The ugly face in the mirror
I turn to page 5 of The Daily Star on August 28 and see two news reports: one carrying the headline "Finalise rules of children act to deal with violence," and another, placed just above it, headlined "Arbitration provokes girl to commit suicide." The irony is immediately apparent.
The second report is about a child in Satkhira who killed herself after being subjected to humiliation for an alleged affair earlier this week. Rima, a ninth grader, was accused of having an "illicit affair" with her tutor by her neighbours at a local arbitration meeting. The next morning, she killed herself.

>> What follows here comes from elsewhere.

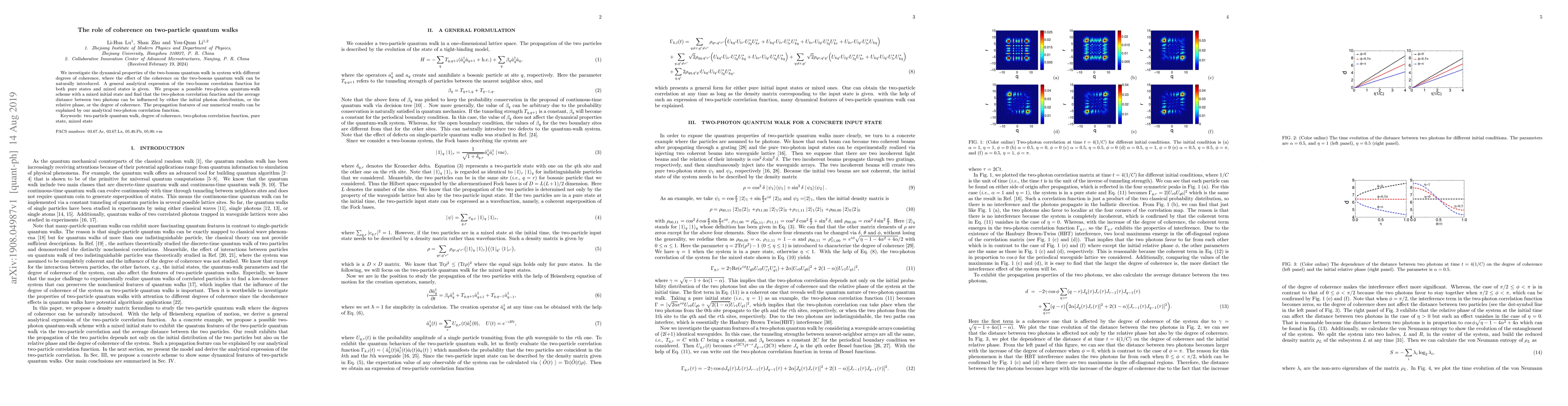 Thumbnail for The role of coherence on two-particle quantum walks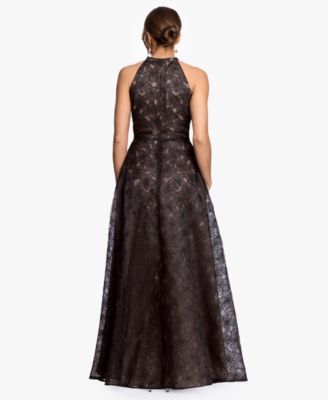 long sleeve black lace maxi dress Rabanne Black Lace Jersey Long Sleeve Maxi Dress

Bangladesh Manabadhikar Bastabayan Sangstha has recently reported 32 cases of children raped in the month of July alone. Some 336 children were raped and 48 gang-raped between January and July, according to a report by Bangladesh Shishu Adhikar Forum. Given the social context of Bangladesh, the numbers are probably an underestimation. Still, they illustrate just how pervasive rape has become in our society.
Maybe 15-year-old Rima will not be seen as a child by some, given the ambiguity that surrounds the legal age of consent. Maybe her suicide, after being accused of immoral behaviour, will not be seen as a crime perpetuated by society but rather something she did to herself.
Legal jargons are hard to follow, and drawing parallels between the legal system and our daily lives, for those who are not involved in activism or the legal system, may be difficult. I often think about the effectiveness of legal reforms—whether they are necessary, how they are necessary, etc. We tend to think of the law as separate from us. So I understand how it must be easy for most people, including myself, to miss any connection between moral policing, a social norm, and rising rape and sexual abuse, which has social dimensions but is also a criminal act. But how separate are legal and social dimensions, really?
In Bangladesh, we have a law in place that is a legacy of the colonial times—Section 155 (4) of the Evidence Act, 1872. This act enables evidence of the past sexual history of women and girls who are complainants in rape cases to be put in as evidence. At a recent consultation meeting organised by the Bangladesh Legal Aid and Services Trust, recommendations from a policy brief prepared on the impact of the continuing application of the law allowing use of character evidence of women and girls who are complainants in rape prosecutions, were shared. Among other things, what was reiterated was the horrific shaming and assault on character that a rape survivor must survive again in order to prove a crime that she not only did not commit, but was committed against her. I sat there and struggled to wrap my head around the fact that a law, so clearly sexist, still exists.
Exactly a week after I attended the meeting, I read the news about Rima. It is interesting that while both Rima and the tutor were accused of illegal sexual relations, only one of them committed suicide following the arbitration process. The girl. Who in this case is a minor, where the tutor, it is safe to assume, is an adult. If there must be a moral haggling, it is the adult who should be held accountable for engaging in immoral acts.
In hindsight, I shouldn't have been surprised. My education, social class, and upbringing allow me the privilege of throwing around words like "victim blaming" without having to explain what it really means, why it happens or what its consequences are. I hear the reason people blame a victim is to distance themselves from an unpleasant occurrence and thereby confirm their own invulnerability to the risk. By labelling or accusing the victim, others can see the victim as different from themselves. People reassure themselves by thinking, "Because I am not like her, because I do not do that, this would never happen to me." So I write it off as mostly a social problem. And of course, a form of moral policing, which we engage in to make ourselves feel better.
But moral policing, whether we realise it or not, has severe consequences. Sometimes it costs lives. And these consequences affect women and girls disproportionately because of the sense of entitlement society feels in regulating and policing a woman's body and sexuality. Unfortunately, for Bangladesh, this moral policing is not simply limited to being a social problem. It is supported by legal structures that were put in place hundreds of years ago and have rendered themselves irrelevant.
The reason we propagate the existence of a state-facilitated legal, political, economic system is that we assume they are fairer, more equal and more humane than the justice system offered by informal courts or local arbitration. However, given the existence of acts like the Evidence Act, one must wonder if that is the case at all? Are we enabling a judiciary system that perpetuates violence against women and girls in the same disproportionate manner that would be perpetuated in a local arbitration process? Why is there a necessity of exploring a rape survivor's sexual history in court?
In Rima's case, she was not raped. But we can only assume she must have been dehumanised and ill-treated to the point that she was forced to take her own life. Now, we must ask, had this not been a local arbitration process, had the case been brought to court, would she have been treated with any more respect?
The right of the defence to arraign the survivor's character and question her about her personal history is one of the most serious obstacles in achieving justice that should have no place in our legal system. But it does because there is a social system in place that justifies it.
There is a saying that "Law does not define society. It reflects society". The law serves as a mirror. So, how do we feel about the face that is staring back at us in the mirror?
Syeda Shagufe Hossain is the founder of Leaping Boundaries and a member of the editorial team at The Daily Star.